Autre motif de satisfaction du Gaec de la Bergerie : la capacité de rémunérer cinq emplois à partir des 850 000 à 860 000 litres vendus, de se répartir les week-ends d’astreinte et de partir trois semaines par an en vacances.
Prendre le temps du consensus et préparer la troisième génération
« Nous n’avions pas mesuré à son lancement que l’atelier de transformation en lait pasteurisé et crème et leur commercialisation prendraient autant de temps. Il occupe Christelle et Emmanuel, et rythme nos semaines », nuance Jean-François. La réunion hebdomadaire du Gaec se déroule d’ailleurs le mercredi matin et non le lundi comme cela se fait classiquement dans les structures associatives. « Nous sommes des personnes qui exprimons calmement nos avis et nos désaccords. Nous prenons du temps pour réfléchir mais, quand la décision est prise, elle est actée par tout le monde et est mise en œuvre rapidement. La culture du Gaec s’inscrit dans notre histoire familiale puisque nos parents et ceux d’Emmanuel l’ont créé en 1968. Nous continuons de l’écrire », assure Philippe.
Visiblement, elle ne va pas s’arrêter. À 36 ans, Lucie, la fille de Marie-Odile et Jean-François, projette de s’installer. Jusqu’au 1er août, elle était salariée dans un élevage laitier du sud de la Manche. Elle vient de rejoindre le Gaec en tant que salariée. Plus jeune de onze ans, son cousin Jules, fils de Christelle et Philippe, se dit également intéressé.

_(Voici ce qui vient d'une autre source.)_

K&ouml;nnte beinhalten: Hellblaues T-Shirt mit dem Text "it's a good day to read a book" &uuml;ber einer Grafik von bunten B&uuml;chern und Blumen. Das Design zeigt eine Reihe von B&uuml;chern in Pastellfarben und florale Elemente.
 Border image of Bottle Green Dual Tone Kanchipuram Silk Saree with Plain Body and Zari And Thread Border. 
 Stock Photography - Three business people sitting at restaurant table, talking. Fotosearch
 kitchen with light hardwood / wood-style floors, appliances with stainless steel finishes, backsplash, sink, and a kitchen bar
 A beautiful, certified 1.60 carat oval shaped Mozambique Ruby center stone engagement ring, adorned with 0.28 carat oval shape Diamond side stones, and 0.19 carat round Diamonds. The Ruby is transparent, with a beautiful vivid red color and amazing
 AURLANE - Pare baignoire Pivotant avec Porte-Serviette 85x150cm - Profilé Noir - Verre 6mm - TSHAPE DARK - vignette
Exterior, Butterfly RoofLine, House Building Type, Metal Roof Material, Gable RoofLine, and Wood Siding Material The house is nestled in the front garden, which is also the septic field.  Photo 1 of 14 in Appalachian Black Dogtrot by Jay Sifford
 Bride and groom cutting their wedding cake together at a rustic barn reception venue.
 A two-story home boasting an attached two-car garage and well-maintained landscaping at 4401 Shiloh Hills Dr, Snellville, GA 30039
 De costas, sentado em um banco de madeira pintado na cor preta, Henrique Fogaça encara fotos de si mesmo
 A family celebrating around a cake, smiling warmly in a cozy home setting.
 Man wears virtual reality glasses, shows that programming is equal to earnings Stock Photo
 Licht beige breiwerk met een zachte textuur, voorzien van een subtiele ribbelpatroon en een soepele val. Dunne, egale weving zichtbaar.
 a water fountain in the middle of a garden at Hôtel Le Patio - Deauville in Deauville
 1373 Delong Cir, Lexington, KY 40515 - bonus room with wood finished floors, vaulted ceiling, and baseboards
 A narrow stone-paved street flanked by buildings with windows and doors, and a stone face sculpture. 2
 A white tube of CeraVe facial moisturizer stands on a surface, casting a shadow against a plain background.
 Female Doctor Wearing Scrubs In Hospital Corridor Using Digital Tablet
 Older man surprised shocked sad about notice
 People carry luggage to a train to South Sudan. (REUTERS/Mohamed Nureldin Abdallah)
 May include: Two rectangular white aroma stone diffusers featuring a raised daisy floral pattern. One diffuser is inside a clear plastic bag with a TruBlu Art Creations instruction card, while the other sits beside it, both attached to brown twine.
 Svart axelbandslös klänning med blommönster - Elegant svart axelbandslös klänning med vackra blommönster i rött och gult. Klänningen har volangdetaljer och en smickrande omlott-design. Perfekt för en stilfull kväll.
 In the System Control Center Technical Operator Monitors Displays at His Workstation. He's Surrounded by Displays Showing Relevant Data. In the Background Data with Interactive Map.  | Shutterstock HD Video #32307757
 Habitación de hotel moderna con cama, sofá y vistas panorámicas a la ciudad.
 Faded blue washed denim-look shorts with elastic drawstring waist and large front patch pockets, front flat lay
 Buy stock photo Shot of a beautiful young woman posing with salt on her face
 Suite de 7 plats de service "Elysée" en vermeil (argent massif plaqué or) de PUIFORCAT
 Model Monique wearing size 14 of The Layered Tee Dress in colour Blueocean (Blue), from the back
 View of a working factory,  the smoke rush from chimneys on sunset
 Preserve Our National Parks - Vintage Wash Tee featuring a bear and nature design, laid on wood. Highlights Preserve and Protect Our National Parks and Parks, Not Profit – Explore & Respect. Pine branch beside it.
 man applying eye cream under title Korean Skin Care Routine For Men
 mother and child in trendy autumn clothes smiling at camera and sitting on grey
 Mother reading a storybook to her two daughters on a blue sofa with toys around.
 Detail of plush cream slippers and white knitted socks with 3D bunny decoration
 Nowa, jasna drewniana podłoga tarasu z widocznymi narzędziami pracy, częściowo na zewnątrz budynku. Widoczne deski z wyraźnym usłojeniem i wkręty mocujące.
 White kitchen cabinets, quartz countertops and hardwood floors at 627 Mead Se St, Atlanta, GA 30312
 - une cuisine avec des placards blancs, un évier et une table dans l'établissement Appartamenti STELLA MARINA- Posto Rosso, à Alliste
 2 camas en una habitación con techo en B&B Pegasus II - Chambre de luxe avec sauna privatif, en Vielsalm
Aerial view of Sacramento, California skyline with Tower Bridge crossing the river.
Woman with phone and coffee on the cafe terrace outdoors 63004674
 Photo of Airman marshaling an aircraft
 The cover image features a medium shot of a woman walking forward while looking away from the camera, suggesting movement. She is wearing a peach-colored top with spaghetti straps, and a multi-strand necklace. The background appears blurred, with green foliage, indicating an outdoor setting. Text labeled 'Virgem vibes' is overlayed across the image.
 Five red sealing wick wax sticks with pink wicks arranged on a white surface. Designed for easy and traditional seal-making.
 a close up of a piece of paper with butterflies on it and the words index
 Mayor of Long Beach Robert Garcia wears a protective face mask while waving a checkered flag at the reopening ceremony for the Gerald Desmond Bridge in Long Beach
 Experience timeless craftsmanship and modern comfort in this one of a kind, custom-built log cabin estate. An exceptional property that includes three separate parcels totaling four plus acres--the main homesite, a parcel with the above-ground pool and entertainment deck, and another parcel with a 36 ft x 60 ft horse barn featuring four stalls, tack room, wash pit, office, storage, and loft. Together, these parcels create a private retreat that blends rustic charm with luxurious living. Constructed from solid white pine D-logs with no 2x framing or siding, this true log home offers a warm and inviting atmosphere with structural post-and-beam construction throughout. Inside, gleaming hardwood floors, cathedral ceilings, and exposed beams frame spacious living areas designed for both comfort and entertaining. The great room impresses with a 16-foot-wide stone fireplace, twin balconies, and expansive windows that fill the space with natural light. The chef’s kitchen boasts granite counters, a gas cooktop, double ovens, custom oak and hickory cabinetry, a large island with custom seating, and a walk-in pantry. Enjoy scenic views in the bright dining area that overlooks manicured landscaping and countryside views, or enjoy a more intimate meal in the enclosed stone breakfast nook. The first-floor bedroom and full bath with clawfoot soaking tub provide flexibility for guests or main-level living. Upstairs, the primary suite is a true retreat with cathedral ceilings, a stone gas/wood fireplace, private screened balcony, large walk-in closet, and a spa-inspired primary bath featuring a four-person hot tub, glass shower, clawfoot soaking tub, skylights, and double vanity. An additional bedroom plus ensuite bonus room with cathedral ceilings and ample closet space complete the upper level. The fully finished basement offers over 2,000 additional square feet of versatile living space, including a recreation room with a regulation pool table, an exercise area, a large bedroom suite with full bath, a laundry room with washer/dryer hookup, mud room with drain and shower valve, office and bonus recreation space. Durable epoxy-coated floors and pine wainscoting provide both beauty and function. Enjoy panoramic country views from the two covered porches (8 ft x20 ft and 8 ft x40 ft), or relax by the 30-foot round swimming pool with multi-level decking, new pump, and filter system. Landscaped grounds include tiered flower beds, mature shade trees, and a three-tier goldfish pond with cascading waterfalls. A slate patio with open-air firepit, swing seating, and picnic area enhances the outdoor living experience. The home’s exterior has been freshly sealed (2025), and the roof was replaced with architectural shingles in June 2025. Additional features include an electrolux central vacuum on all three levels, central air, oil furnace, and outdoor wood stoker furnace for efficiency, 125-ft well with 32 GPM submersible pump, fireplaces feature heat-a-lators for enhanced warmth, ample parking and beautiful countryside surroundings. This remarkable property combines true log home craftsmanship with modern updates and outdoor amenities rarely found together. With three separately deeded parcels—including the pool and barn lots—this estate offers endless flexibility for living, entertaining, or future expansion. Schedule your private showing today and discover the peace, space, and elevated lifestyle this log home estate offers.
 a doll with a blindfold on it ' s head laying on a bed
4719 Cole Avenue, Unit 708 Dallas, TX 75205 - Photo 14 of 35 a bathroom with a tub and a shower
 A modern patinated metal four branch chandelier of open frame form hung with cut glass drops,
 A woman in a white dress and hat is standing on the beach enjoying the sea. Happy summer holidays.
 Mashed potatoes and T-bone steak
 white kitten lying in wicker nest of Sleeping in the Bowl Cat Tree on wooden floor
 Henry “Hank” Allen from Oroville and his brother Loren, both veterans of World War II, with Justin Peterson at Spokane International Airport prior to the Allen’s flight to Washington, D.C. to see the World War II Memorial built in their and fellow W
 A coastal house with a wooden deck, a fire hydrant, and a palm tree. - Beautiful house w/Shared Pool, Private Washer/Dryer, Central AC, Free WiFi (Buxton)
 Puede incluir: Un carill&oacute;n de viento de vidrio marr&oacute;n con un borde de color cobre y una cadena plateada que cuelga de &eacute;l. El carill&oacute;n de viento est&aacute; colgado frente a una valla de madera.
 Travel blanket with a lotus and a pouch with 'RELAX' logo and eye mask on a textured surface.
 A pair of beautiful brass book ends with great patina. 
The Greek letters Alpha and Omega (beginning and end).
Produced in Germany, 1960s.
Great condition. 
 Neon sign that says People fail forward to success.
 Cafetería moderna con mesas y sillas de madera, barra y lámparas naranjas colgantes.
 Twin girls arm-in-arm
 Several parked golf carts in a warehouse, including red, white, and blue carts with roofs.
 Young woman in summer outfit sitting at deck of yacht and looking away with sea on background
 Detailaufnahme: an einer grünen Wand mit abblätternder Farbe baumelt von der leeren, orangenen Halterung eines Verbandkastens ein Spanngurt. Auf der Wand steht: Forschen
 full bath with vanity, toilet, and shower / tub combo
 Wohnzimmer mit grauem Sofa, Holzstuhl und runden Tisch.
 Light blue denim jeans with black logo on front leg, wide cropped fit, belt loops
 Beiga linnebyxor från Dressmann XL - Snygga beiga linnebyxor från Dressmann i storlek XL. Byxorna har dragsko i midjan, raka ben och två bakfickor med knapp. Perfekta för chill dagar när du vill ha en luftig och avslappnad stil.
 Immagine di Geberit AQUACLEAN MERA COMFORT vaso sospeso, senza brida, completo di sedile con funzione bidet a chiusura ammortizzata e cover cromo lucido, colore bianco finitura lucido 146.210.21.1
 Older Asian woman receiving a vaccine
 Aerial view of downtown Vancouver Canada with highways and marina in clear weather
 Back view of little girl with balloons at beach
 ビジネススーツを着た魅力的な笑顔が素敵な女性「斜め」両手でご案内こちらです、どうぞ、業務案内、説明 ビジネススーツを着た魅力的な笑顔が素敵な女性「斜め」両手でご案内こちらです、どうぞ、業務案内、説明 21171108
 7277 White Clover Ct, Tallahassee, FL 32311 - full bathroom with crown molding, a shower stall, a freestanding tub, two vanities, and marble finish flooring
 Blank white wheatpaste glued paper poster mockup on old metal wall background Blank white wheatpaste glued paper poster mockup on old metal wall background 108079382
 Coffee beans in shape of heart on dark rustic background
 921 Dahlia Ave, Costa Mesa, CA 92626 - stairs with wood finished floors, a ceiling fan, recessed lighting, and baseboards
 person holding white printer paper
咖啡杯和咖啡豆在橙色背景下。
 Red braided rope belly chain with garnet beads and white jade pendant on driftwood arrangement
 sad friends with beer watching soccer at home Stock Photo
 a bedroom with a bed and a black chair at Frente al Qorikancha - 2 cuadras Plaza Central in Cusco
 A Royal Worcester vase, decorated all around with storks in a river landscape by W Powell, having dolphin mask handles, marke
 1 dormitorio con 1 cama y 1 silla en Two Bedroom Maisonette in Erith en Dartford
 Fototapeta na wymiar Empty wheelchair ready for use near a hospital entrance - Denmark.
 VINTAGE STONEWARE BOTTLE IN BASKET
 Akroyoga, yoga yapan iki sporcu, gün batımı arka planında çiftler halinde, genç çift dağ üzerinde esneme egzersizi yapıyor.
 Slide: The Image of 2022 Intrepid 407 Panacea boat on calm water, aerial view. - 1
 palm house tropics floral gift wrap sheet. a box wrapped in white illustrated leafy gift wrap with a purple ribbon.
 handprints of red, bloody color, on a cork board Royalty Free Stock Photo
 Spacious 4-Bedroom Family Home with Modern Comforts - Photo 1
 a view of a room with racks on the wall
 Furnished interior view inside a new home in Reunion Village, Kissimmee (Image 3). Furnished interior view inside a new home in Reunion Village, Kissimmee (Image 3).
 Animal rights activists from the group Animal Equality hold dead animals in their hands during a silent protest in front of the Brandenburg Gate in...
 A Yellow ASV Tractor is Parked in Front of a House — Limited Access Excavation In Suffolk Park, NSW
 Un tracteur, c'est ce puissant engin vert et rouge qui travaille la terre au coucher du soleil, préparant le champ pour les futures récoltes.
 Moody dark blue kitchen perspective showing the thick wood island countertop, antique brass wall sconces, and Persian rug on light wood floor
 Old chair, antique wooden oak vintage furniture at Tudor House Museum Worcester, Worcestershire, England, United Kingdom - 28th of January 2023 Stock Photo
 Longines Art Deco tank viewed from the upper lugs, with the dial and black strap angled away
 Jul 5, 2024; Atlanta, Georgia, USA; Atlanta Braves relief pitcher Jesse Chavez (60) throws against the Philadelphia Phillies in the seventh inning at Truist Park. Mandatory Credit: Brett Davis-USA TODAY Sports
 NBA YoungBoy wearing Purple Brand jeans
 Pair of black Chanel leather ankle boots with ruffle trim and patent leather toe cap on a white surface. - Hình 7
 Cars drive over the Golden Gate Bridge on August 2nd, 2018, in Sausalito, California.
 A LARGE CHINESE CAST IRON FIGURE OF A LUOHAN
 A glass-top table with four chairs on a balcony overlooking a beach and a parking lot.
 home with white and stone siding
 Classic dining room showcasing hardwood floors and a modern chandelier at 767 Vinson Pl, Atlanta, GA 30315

Le Gaec prépare d’ailleurs le départ à la retraite de trois des quatre associés. Celui de Marie-Odile est imminent, celui d’Emmanuel et Jean-Francois est prévu dans trois ans. « Dans cette perspective, nous avons commencé à réduire nos comptes associés dont le montant est élevé. C’est la contrepartie de notre politique d’autofinancement et d’annuités limitées. » En filière non OGM et pâturage, le lait payé 485 €/1 000 l par Maîtres laitiers du Cotentin (MLC) sur l’exercice 2023-2024 facilite les prélèvements. Hors rémunération des associés, il a monté l’EBE à 233 685 € pour une efficacité économique de 41,7 % (ratio EBE/produit). En 2019-2020, à titre de comparaison, avec un prix du lait MLC à 381 €/1000 l, il s’élevait à 143 700€.